Puppets are both entertaining and captivating.

Children can believe and relate to them; they can enter and explore the fascinating inventive world that puppets create.

Learning through play is fundamental to our children’s education, helping them to develop the necessary skills in life. Puppets can stimulate children’s imagination, encourage creative play and discovery and are a wonderful interactive way to introduce narrative to even the most reluctant reader. They can be a powerful way of bringing story time to life; puppets can provide a focus for role play, encouraging the child’s imagination and involvement in activities and can play a fundamental part in the recitation of stories and verse. In addition, hand puppets with workable mouths and tongues are an excellent motivational resource to inspire the teaching of phonics within literacy.

Any puppet can encourage the quietest of children to start talking. Puppets can break down barriers and provide an effective means to initiate communication. The child trusts the puppet and doesn’t feel threatened by it, making it a perfect neutral medium through which they can discuss sensitive issues. The child can express thoughts, fears and feelings through the puppet that they might otherwise find difficult to voice to an adult.

Puppets can assist children with special educational needs. They can motivate and support children with difficulties in communication and interaction. They can help to develop their social and motor skills, and can meet the visual, tactile and emotional needs of the individual child. Large human puppets with glove hands and fingers can be used in conjunction with the different varieties of signing, adding a further dimension in helping children with both hearing difficulties and learning disabilities.

All puppets come to life as characters. They can portray different personalities and various traits and they cross all cultures. Puppets can share joy or sadness; they can be naughty or good, cheeky or shy; and when a child is engaged by a puppet they can learn lessons without even realising.

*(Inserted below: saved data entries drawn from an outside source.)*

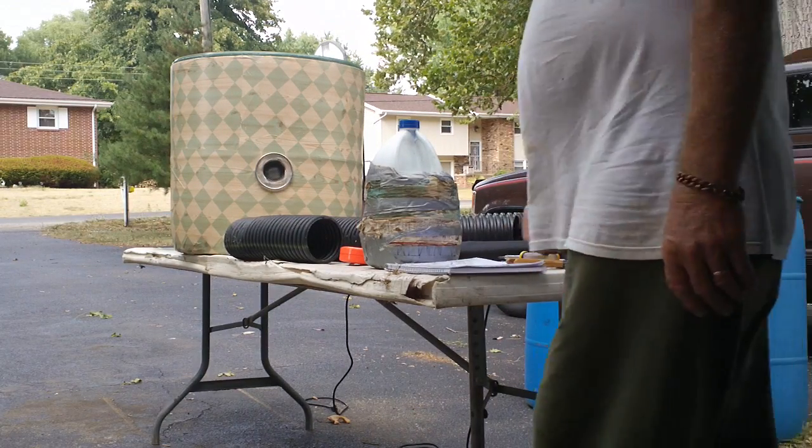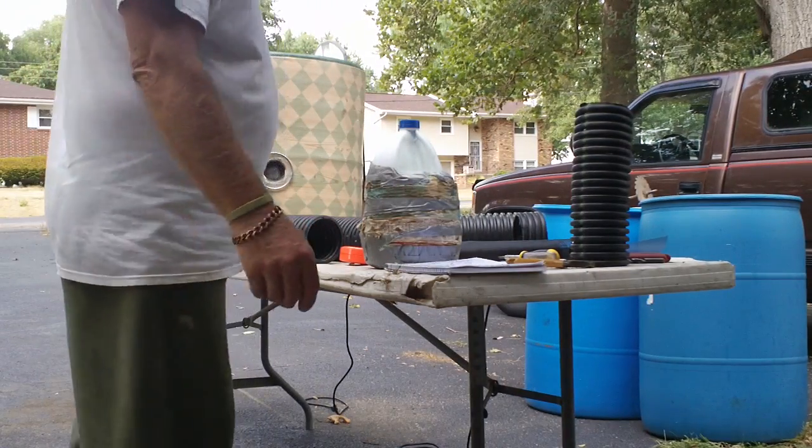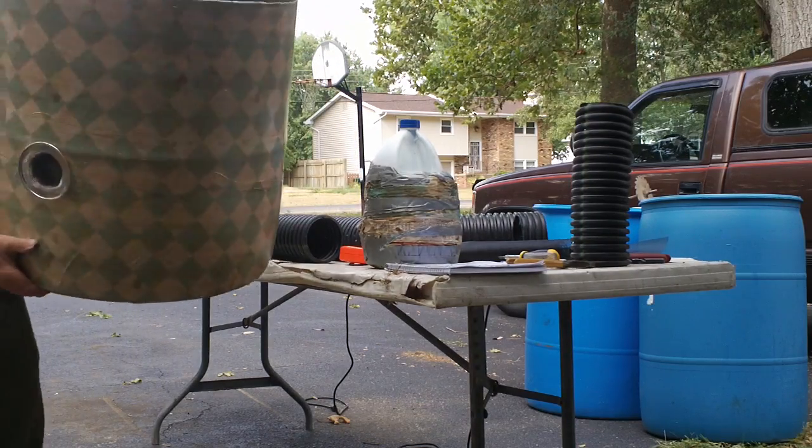Hey guys, I said I was going to do this a long time ago, but I'm going to show you how to build this self-watering grow barrel. It looks like this.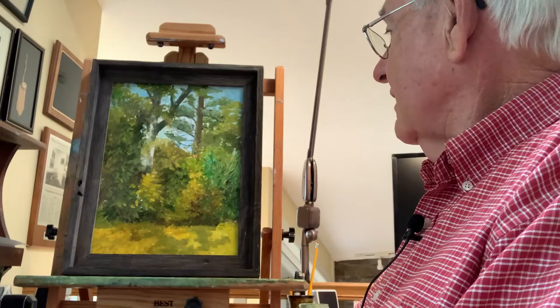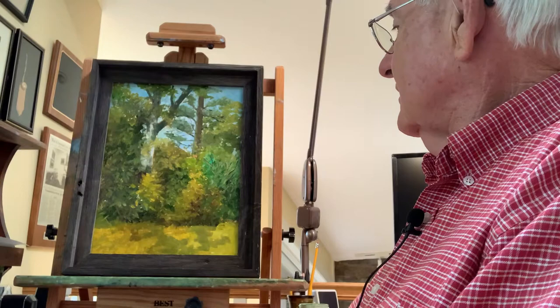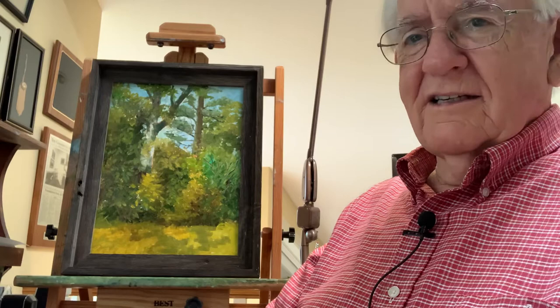Thanks for joining me for another moment for the story behind the painting. What you see on the easel here behind me is a 12 by 16 plein air painting. This is the first really plein air painting that I did.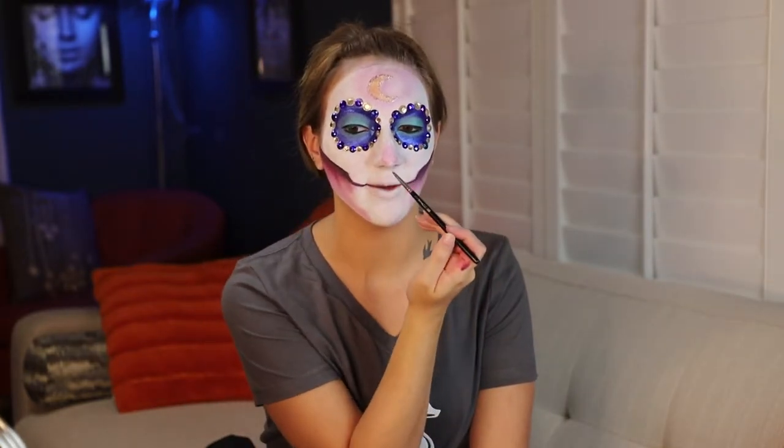Next I'm going to do the nose. I'll do the same gradient that I have on the side of my face — first a little bit of pink and then darken it with the purple. I'm basically drawing an upside-down heart on my nose. Now I'll darken it with the purple I mixed together, and then I'll go in with the dark purple eyeshadow to keep darkening the very tip of the nose.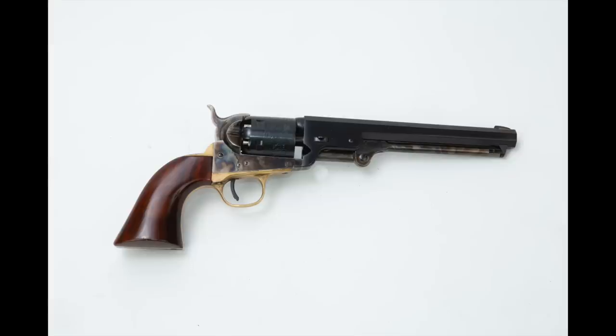The most common revolver found in Confederate service was the Colt 1851 Navy. That should come as no surprise, because when the war broke out, the Colt 1851 Navy was the most popular full-size revolver in America. The only gun that was more popular was the Model 1849 pocket revolver, and quite a few of those ended up also being used in the Civil War.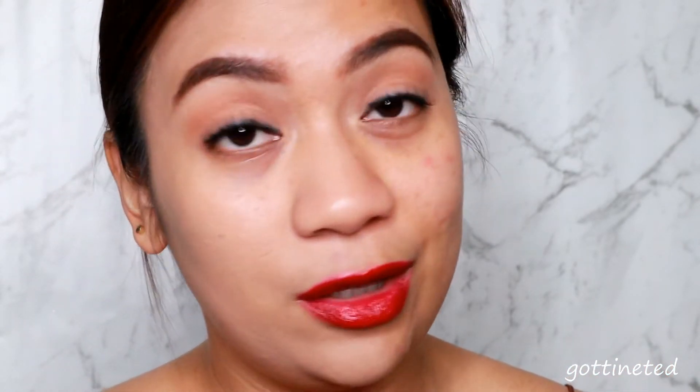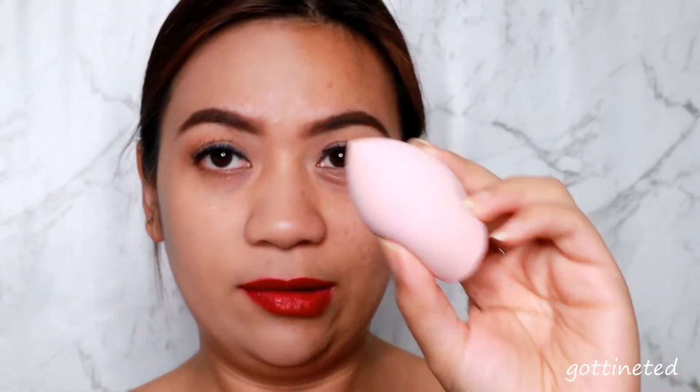Let's try using a different sponge on the other side of my face, just to test if it will give the same effect, finish, and coverage as the velvet sponge. I'm going to use a regular normal sponge on this side and do the same thing.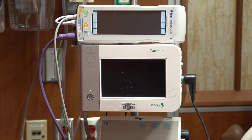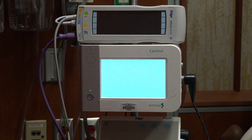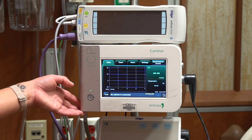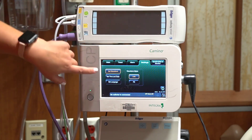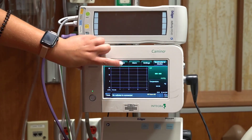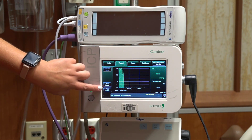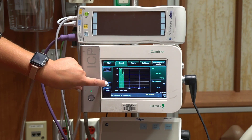Once all cables are connected — except the patient connection, which is the black cord — turn on the Camino. Once the monitor is initialized, you will come to the main screen. You can click the settings button to adjust the waveform to line or fill, and also change the date and time. There is also a trend button; the scale usually starts at negative 10 to 20, and you can click the ICP scale to change those parameters.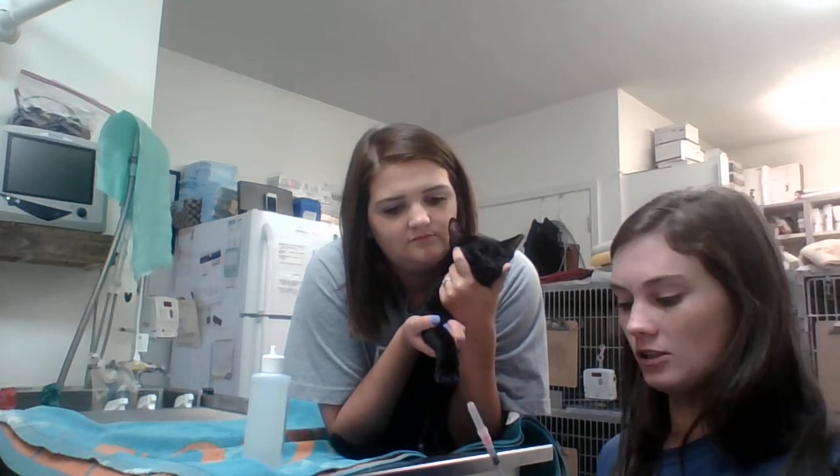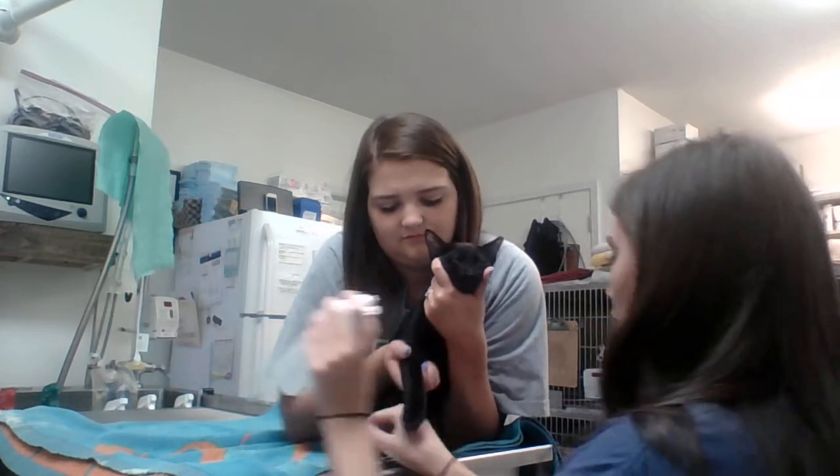Hey, it's Cole and today I will be performing a cephalic venipuncture on Polly. He's one of our clinic cats. First I'm going to break the seal on my syringe so it's easier to pull back on, and I'm going to use some alcohol.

Puppets provide an essential link between learning and play which makes them wonderful teaching tools for at home, the classroom and in the wider community. A Greensmith

Puppets are safe

Because they are characters, not people, puppets are the ideal medium for discussing sensitive issues. Puppets create a world in which we recognize ourselves and identify with the characters as the drama unfolds. At the same time, a puppet show seems to hold a piece of “safety glass” between the action and the audience-although we are drawn into the drama, we are not threatened by it. It is an extraordinary phenomenon that an audience will accept from a puppet what would cause offence or embarrassment if it came from a live actor. That is why puppets are now widely used in teaching about AIDS and other sensitive matters.
Puppets can portray “bad” characters in a community without pointing the finger at a real individual. They can be used to draw out disagreements within a community or a family without fanning the flames of conflict in the audience. They can be used to talk to black and white children about race and conflict. They can be used to promote the rights of girls to adults who will not listen to a lecture. They can perform to a mixed audience in areas where men and women must sit apart to watch live actors.
A puppet may look terrifying, but its sense of menace is contained. Partly, this is because most puppets are small (even large puppets are often no more than child-sized). But it is not just a question of size. Puppets function more completely within their own “theatre” than human actors do. We are often aware of actors as people who put on a part for a performance and put it aside when they leave the stage. Puppets have no existence independent of their characters. They come without the baggage that accompanies a human actor, and they can get away with things that humans cannot.

Puppets for children

Children relate to puppets from their earliest years because they are used to making inanimate characters come to life. Children are puppeteers themselves from the first time they pick up a shoe, a squeezed-out half orange or a hairbrush and make it move and talk. Toys and dolls take an active role in children’s play. They laugh and talk and argue. They try on personalities and take them off again. The child makes her doll move-she is the puppeteer. She scolds her doll in the stern but loving voice of a mother-she is an actor. She makes her doll stamp its foot and then laughs at the effect-she is the audience. After this early experience a child recognises puppets as legitimate and natural.
The puppet can be whatever the puppeteer and the child make it. It can be the child’s friend without demanding something in return. It can be a clown. It can be naughty and get into trouble without hurting anyone. It can say what the child thinks, feel what the child feels and share a child’s sadness. It can show a child who knows poverty, hunger, war and loss that there can also be joy and love and a happy ending. A puppet can tell a child who rarely hears it that he is loved. A puppet can show a child that her father or mother can also be sad, and it can demonstrate the value of love, the futility of quarrel and the benefit of cooperation and support.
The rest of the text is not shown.